_Dataset entries_

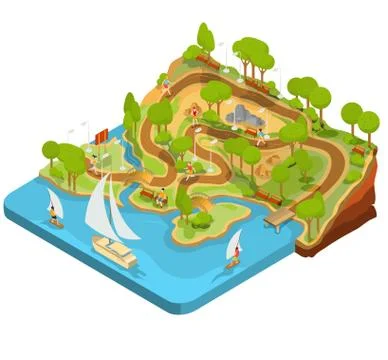 Vector 3D isometric illustration of cross section of a landscape park with a Ilustração Stock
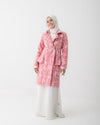 Double Breasted Peplum Coat Pink C125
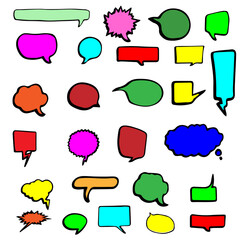 Collection of colorful hand drawn speech bubbles and thought clouds with different shapes and designs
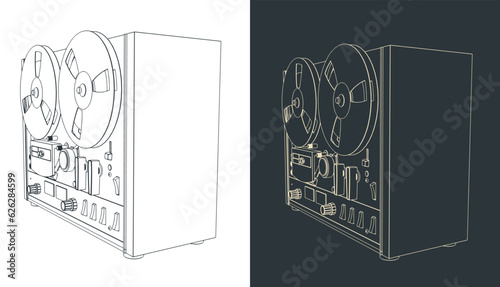 Reel to reel tape recorder sketches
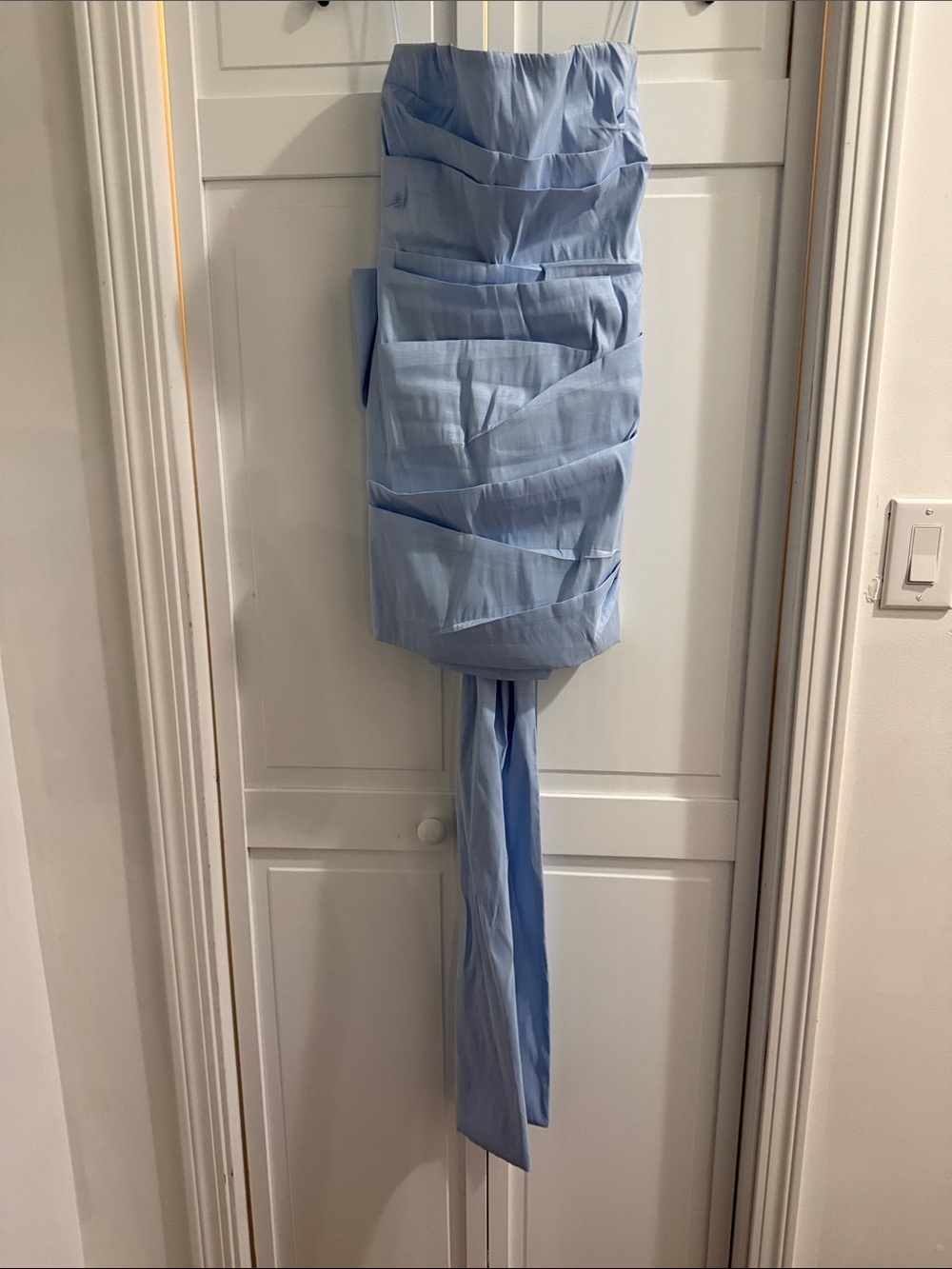 Strapless Light Blue Ruched Evening Dress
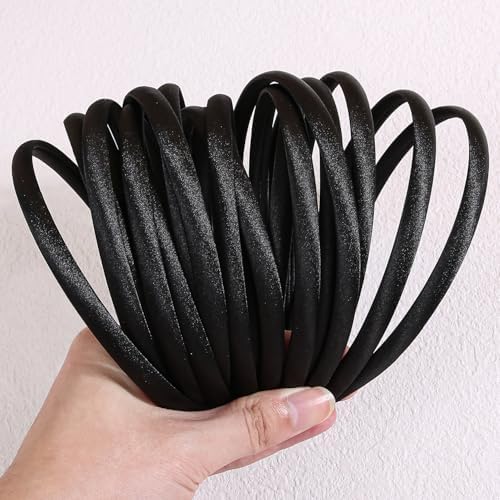50Pcs Black Thin Satin Non Slip Headbands Fabric Hair Bands Women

_Exercise_
Could you set down exactly, and only, the lines from the line containing "Collection of colorful" through the last line of the records, both included, without the pictures?

_Task output_
 Collection of colorful hand drawn speech bubbles and thought clouds with different shapes and designs
 Reel to reel tape recorder sketches
 Strapless Light Blue Ruched Evening Dress
50Pcs Black Thin Satin Non Slip Headbands Fabric Hair Bands Women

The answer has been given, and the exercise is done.